Conservative Bayesian Agent

The experiments for the paper Can a Bayesian Oracle Prevent Harm from an Agent? (Bengio et al., 2024).

Features

Implementation of different safety guardrails for a multi-armed bandit agent:
- Cheating guardrail (using ground truth)
- Posterior predictive guardrail
- IID guardrail (Prop 3.4)
- Non-IID guardrail (Prop 4.6)
- New Non-IID guardrail with configurable harm estimation aggregation methods
Configurable exploding bandit environment
Plotting utilities
Experimentation framework with:
- Hyperparameter sweeps using Weights & Biases
- Custom metrics for reward/safety trade-offs

Installation

Using conda

conda env create -f environment.yaml

Using venv

Create and activate a virtual environment:

python -m venv venv
source venv/bin/activate  # On Unix/macOS
.\venv\Scripts\activate  # On Windows

Install PyTorch:

# For CUDA 11.8
pip install torch==2.3.1 torchvision torchaudio --index-url https://download.pytorch.org/whl/cu118

# For CPU only
pip install torch==2.3.1 torchvision torchaudio

# For MacOS with MPS (Apple Silicon)
pip install torch==2.2.2 torchvision torchaudio

Install the remaining requirements:

pip install -r requirements.txt

The code supports CPU, CUDA, and Apple Silicon (MPS) devices. The device can be configured in configs/config.yaml or via arguments:

device: "cpu" - CPU
device: "cuda" - NVIDIA GPU
device: "mps" - Apple Silicon GPU
device: "auto" - Automatically select best available device

Running Experiments

Basic Usage

Results in Figure 1

Run non-IID experiments with default parameters:

# Generates the results in Figure 1
python run_non_iid_experiment.py

Create plots from the results:

python make_non_iid_plots.py

To also include the experimental new non-IID guardrail in the comparison (not included in the main paper's figures):

python run_non_iid_experiment.py --include_new_non_iid

Results in Figure 2

Create plots from the results:

# Generates the results in Figure 2
python run_tightness_experiment.py

Create plots from the results:

python make_tightness_plots.py

New Non-IID Guardrails

For the new non-IID guardrails (implemented in the NewNonIidGuardrail class in agents/guardrails.py):

python run_new_non_iid.py

This script uses parameters defined in configs/config.yaml.

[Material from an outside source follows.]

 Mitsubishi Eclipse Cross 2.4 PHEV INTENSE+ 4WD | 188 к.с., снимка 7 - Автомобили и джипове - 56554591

Key Parameters in configs/config.yaml:

guardrail_new_non_iid.mean_type: Specifies the type of mean used for aggregating harm estimates (options: "arithmetic", "geometric", "harmonic").
guardrail_new_non_iid.posterior_increases: A boolean determining whether the aggregation (for the harm estimate) is over posterior probabilities increases. What we mean by "increases" is the pointwise absolute value of the difference between the posterior probabilities and the prior (i.e. from the previous step) probabilities.
guardrail_new_non_iid.softmax_temperature: The temperature parameter for the softmax function, controlling the distribution's sharpness.
guardrail_new_non_iid.power_mean_exponent: The exponent applied in the power mean calculation.
guardrail_new_non_iid.quantile: The quantile used in quantile-based harm estimation (e.g., 0.8 for the 80th percentile).
guardrail_new_non_iid.harm_estimates_weights: Weights assigned to different harm estimation methods (max, mean, quantile).

An example of how these parameters can be varied for hyperparameter tuning is shown in configs/sweep.yaml (see the hyperparameter sweep section below).

Harm Estimation Methods:

The guardrail estimates harm using a combination of the following methods:

Maximum Harm Estimate: Uses the highest harm probability from the posterior.
Quantile Harm Estimate: Uses the specified quantile (e.g., 0.8) of the harm probabilities.
Mean Harm Estimate: Uses arithmetic, geometric, or harmonic means based on the mean_type parameter, with a given power mean exponent (power_mean_exponent, defaulting to 1.0) and/or softmax temperature (softmax_temperature, defaulting to 1.0).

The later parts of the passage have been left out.